Каршеринговый седан стоял на обочине, прижавшись к кустам, словно желая оставаться по возможности незамеченным со стороны дороги, идущей из деревни.

Водитель сидел с открытым окном и курил сигарету. На его бородатом круглом лице читалась задумчивая напряженность, как это бывает перед важным решением, когда на чашу весов поставлено многое. Увидев выбравшуюся из кустов женщину, бородач выбросил окурок далеко в кусты, поправив за длинный козырек прикрывающую лицо кепку, закрыл окно и завел машину. Женщина, прихрамывая и размахивая руками, возбужденная, бежала к машине. Водитель молча за ней наблюдал, пока она, не открыв заднюю дверь автомобиля, буквально не ввалилась внутрь, со вздохом облегчения падая на сиденье.

Усевшись удобнее на диване автомобиля, она, улыбаясь, смотрит в зеркало заднего вида. В узкой полосе зеркала видны только солнцезащитные очки на крупном носе бородача. На секунды оба замирают и смотрят друг на друга.

– А ты такой милый, с бородой… – она начала тихо и с озорным умилением напевать мотивчик популярной песенки, – попалась в твои сети.

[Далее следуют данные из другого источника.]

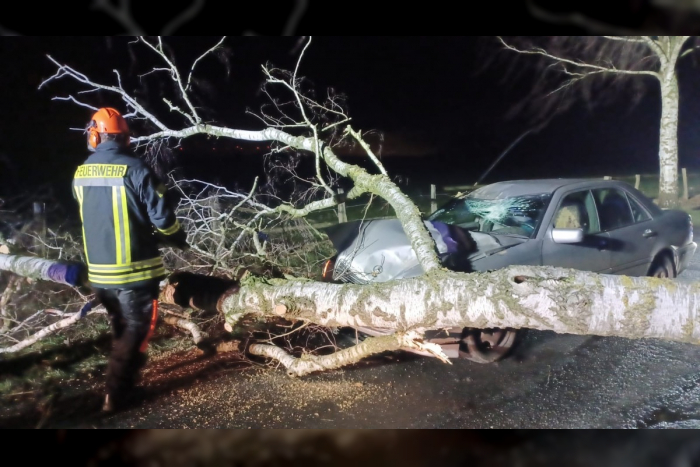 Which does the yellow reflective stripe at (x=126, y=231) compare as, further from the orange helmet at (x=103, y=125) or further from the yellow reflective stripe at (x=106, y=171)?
the orange helmet at (x=103, y=125)

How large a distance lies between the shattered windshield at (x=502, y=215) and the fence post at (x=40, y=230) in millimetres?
2583

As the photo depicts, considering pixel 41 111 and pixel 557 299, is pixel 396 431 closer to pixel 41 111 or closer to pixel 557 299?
pixel 557 299

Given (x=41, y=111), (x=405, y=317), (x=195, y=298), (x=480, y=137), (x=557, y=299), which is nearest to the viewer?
(x=557, y=299)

Затем, резко оборвав пение, заметила:

– Никогда не видела тебя бородатым. Прикольно!

Впрочем, было слышно по голосу, как молодая женщина стала волноваться. Ее голос слегка дрожал. Она подняла с сиденья темное покрывало и уложила его на бедра, непроизвольно поглаживая от нахлынувших чувств – и страха, и куража, этакого коктейля эмоций.

– Заткнись, – без раздражения в голосе приказал водитель. – Все сделала, как договорились?

Женщина пропустила грубость мимо ушей и, продолжая улыбаться, стараясь выглядеть беззаботной, сообщила:

– Все сделано как в кино! Женщина самым загадочным способом исчезла, пропала, испарилась. И только леденящий душу отпечаток крови наведет их на мысли о страшном преступлении.

С выражением легкого отвращения, она растянулась во всю длину заднего дивана автомобиля и поджав длинные ноги, укрылась покрывалом с головой.

– А что с рукой? – все также грубовато спросил водитель. Его вопрос прозвучал резковато, но сейчас ему было простительно, раз на кону стояло все то, что им казалось самым важным и дорогим в жизни.

– Порезалась случайно о разбитый бокал.

– Перевяжи чем-нибудь, – потребовал он, оглядывая салон автомобиля. – Не заляпай тут кровью. Есть платок?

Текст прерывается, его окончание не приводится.